Seen this in bits and pieces over the years on various television airings but had never actually watched the film all the way through until now.  Liar Liar is great fun and surprisingly amoral and risqué for what is supposed to be a morality play family film.  (Here in the UK, it’s still rated PG in spite of *gestures wildly in the film’s general direction*.)  I also think that Jim Carrey’s work here makes for a fine contrast to that of Nanjiani’s in Stuber, both actors spending much of their time yelling lines at the top of their lungs – Carrey, in particular, I think delivers maybe seven lines in the entire film in something other than a yell – in a manner which is supposed to elevate what on paper doesn’t seem particularly funny.  The difference, I feel, is that Carrey commits 100% to every single overblown line delivery and mugging contortion of his face and body (in addition to the scenes where Fletcher acts with similar goofy intensity around his son Max demonstrating that the character is just naturally that goofy) that it somehow becomes natural and even faintly charming.  Nanjiani, much as I love him, is just not that kind of performer (as his stand-up and The Big Sick demonstrate) so his deliveries are more panicked and strained and artificial.

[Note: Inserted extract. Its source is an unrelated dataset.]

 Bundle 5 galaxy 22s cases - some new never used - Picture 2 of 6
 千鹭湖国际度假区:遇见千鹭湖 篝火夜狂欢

I’ve said before that I think Jim Carrey is one of the best comic actors to ever take up the profession and Liar Liar is great evidence as to why yet also indicates precisely why he started moving away from straight examples of the genre in the aftermath.  Carrey had a schtick, a really effective schtick that was rightly and hilariously called out by Swoosie Kurtz in this film’s outtakes but a schtick nonetheless.  Yet the reason why he took so long (and several bombs) to wear out his welcome came from how he was able to modulate that schtick to best fit the characters he played and the various movies he was starring in.  Jim Carrey in his prime technically was always playing his persona, but there are still clear differences between Ace Ventura and Stanley Ipkis, Lloyd Christmas and Charlie Baileygates, between how he’d play in a Farrelly Brothers film and how he’d play in a Joel Schumacher film.  And with Liar Liar, Carrey modulates his madcap performances that many a youngster who had snuck into his more adult films fell in love with more specifically to their level, broad and loud and cartoonishly over-the-top yet still not gratingly so.  It’s more obviously a family film-level performance but not insultingly.

It’s also effectively a swansong for Carrey’s comic persona.  He skirts so close to the line of exhausting self-parody here that his work as Fletcher is arguably his effort to kill off that phase of his career for good.  After all, if he pushed it any further then it would risk crossing that line into irritation or just-kinda-sad – as it unfortunately would do with his turns in Ron Howard’s Grinch and the 2014 Dumb and Dumber sequel you already forgot was a thing – so he effectively had to disappear into dramedies and thrillers in order to continue having a career post-Liar Liar.  Show that there was more to him than just this expertly-crafted persona he was nonetheless wearing out.  The at-the-time underappreciated one-two punch follow-ups of ‘98’s Truman Show and ‘99’s Man on the Moon drew a line in the sand which unfortunately never quite stuck, but Carrey’s all-over-the-place career after Liar Liar doesn’t diminish this film one bit.  Now the weird gendering of good/bad people divide that occurs throughout, on the other hand…

Callie Petch is tired and you are ridiculous.